London Olympics might make money after all, NBC Sports chief says

Maybe the best way to cut through all the spin and counterspin on the Olympics is this:

Last week, NBC was saying it would lose money on the Olympics.

Yesterday, it said it might break even.

Today, the network is saying it could turn a profit on the $1.18 billion investment.

"Yeah, we think there's a small chance, a chance we could make a little bit of money over the next couple of weeks," Mark Lazarus, chairman of the NBC Sports Group, said in a conference call from London Thursday when asked if the network might turn a profit on the games.

Lazarus attributed the change to the big ratings for the first nights of competition starting Saturday, Sunday and Monday. He said NBC expected big ratings for the opening ceremonies, but that the first few nights of ratings for competition convinced NBC there was a new market of advertisers who didn't buy in advance but would like to buy now.

And while he didn't address it in the conference call, advertisers who buy after it's no longer a gamble pay higher rates.

And that is the name of the biggest game in all media these days: Finding a way to monetize -- maximum monetize -- the content you own. That's what the queue of new Olympics buyers shows: NBC has found a way in using social and online media to drive viewers to prime time to make money on old-media TV where it can charge the highest rates. It's as if newspapers found a way to use their online and social media platforms to drive that audience back to print subscriptions or box sales.
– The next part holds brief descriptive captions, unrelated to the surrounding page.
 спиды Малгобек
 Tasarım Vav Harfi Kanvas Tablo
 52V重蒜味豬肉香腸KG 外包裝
Lazarus addressed surprisingly polite questions about the ire sounded in social media over the weekend and earlier in the week, by sounding the same theme other NBC executives have said in telephone interviews with me: The majority of American viewers and media consumers seem to like what NBC is doing. It's a "loud minority" complaining.
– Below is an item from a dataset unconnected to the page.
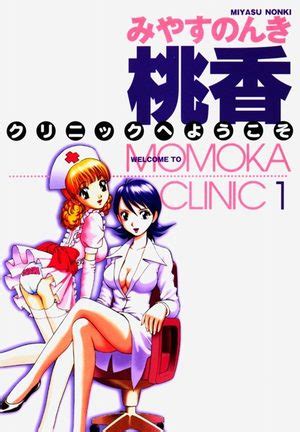 Welcome To Momoka Clinic Manga Manga Sanctuary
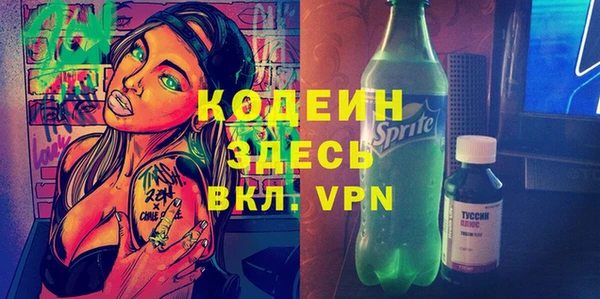 марихуана Абинск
"The overwhelming majority of people are voting with their clicker and their mouses and their fingertips on every device, saying, 'We're with you, we're enjoying what you're doing, thank you, please continue,'" he said.

"We listen, we read, we understand that there are people who don't like what we're doing. We think that's a very loud minority, and the silent majority has been with us the first six days."

Alan Wurtzel, head of research for NBC, said the network's digital results "parallel television" in terms of success.

He said, so far, 28 million have visited, while 4.6 million have been to the network's mobile sites. The latter is double Beijing.

Furthermore, digital and social media are driving younger viewers to prime-time TV, according to Nielsen research that he cited.

"We always said this will be the first truly social media Olympics, and that's exactly how it's turning out."

Wurtzel said 82 percent of viewers surveyed by NBC have said, "with all the buzz, I have become more interested in watching the Olympics."

He said "two-thirds" of viewers surveyed told interviewers, "I've gotten in these Olympics because friends and family members are actively engaged in posting and tweeting about the games."

"Our total teen audience is up 28 percent compared to Beijing," Wurtzel said. "Viewing by teen girls is up 62 percent, teenage boys up 7 percent. Viewing by kids 2 to 11 is up 33 percent."

Indicative of how good NBC is feeling about things, Wurtzel, a self-described "research geek," felt confident enough on the phone yesterday to offer reporters his favorite "fun factoid."

"Archery is the new curling," he said. "It's delivered an average of 1.5 million viewers making it the highest-rated cable sports, beating out basketball."

He later explained that's the average for basketball -- not for basketball when the men's Olympic team is playing.

Still, there's nothing like the thought of making money instead of losing it to bring out a network executive's sense of humor -- weird as the sense might be.